Kenya’s rising public debt, now estimated at more than KSh 11.8 trillion (about 68% of GDP), is no longer just a line item in economic reports.
It is increasingly shaping how families eat, work, borrow, and survive—while also fueling a sharp political clash over whether the country’s borrowing is still a development tool or a growing burden on citizens.
According to National Treasury data, debt servicing has become one of the largest drains on public revenue, with estimates showing that over 70% of government revenue has, in some fiscal cycles, gone toward loan repayments and interest obligations. Economists warn that this leaves limited fiscal space for essential services such as health, education, and job creation.
A 2025 debt management report shows Kenya’s debt stock has more than doubled in under a decade, rising from about KSh 5 trillion in 2015 to over KSh 11 trillion today, driven by both domestic and external borrowing.
“Fiscal entrapment”: warning from critics
At the centre of growing public criticism is lawyer Willis Evans Otieno, who says Kenya risks locking itself into a self-perpetuating debt cycle that offers little return to ordinary citizens.
“The deeper tragedy of Kenya’s debt crisis is that the public is conditioned to fear questioning borrowing itself,” Otieno said. “Citizens are repeatedly told that borrowing is necessary for development.

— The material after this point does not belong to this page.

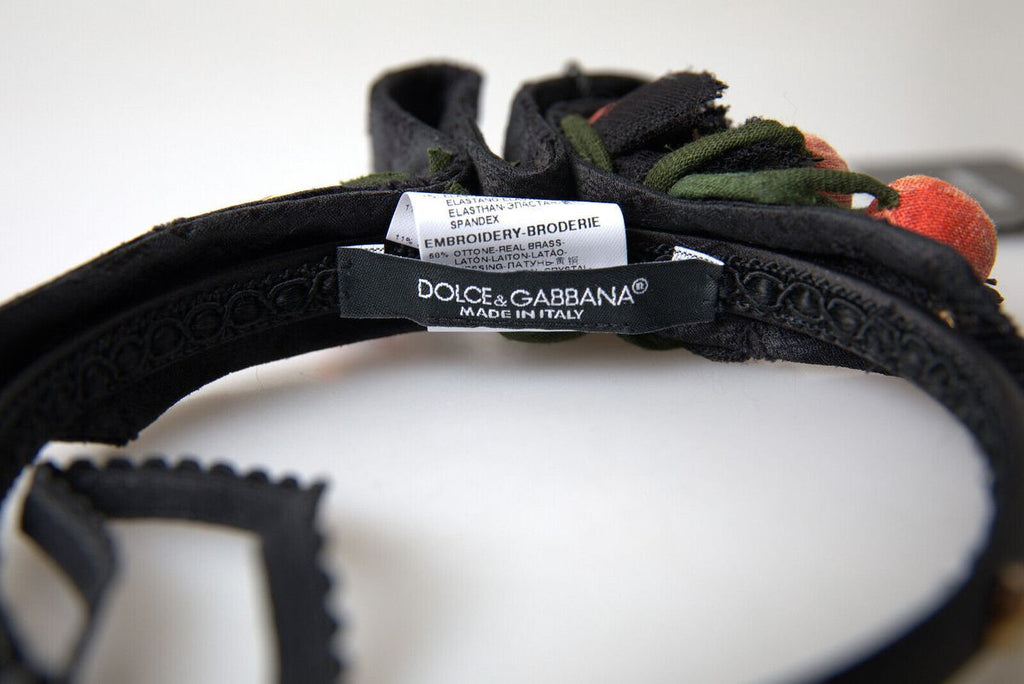 Schwarz mit mehrfarbigem Feigenfrucht-Kristall-Diadem-Haarband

Yet if development were genuinely keeping pace with debt accumulation, then the national budget would not be collapsing under repayment pressure.”
He argued that while borrowing can support growth when used productively, Kenya’s current structure is increasingly strained.
“A healthy economy borrows to expand production, strengthen industries, improve exports, create employment, and increase long-term state capacity,” he said.
But he warned that the system becomes dangerous when repayment overtakes development spending.
“When debt servicing begins consuming almost all tax revenue, the borrowing model itself must be questioned,” Otieno said. “At that stage, the country risks entering a permanent cycle where new taxes finance old debt, new loans repay existing loans, and citizens carry the burden of economic decisions from which they derive little benefit. That is not sustainable governance. That is fiscal entrapment.”
Ruto defends borrowing as a necessary investment
President William Ruto has consistently defended government borrowing, saying it remains essential for financing infrastructure and long-term development projects.
In remarks tied to fiscal reforms, Ruto has said: “We are restructuring our debt to ensure we can continue investing in development while managing our obligations responsibly.”
His administration has also pointed to efforts to shift the financing model, including reducing reliance on expensive external borrowing. In a separate statement, he said: “We must mobilise domestic capital and reduce dependence on expensive external borrowing.”
Government officials maintain that funds are directed toward roads, energy, housing, and industrial expansion projects intended to stimulate long-term growth and employment.
Opposition: “Borrowing without accountability”
Opposition leaders have taken a more critical stance, arguing that rising debt reflects not just economic necessity but governance failure and weak accountability.
Wiper Party leader Kalonzo Musyoka has previously said: “Kenya is not broke, but it is being broken by corruption and reckless borrowing.”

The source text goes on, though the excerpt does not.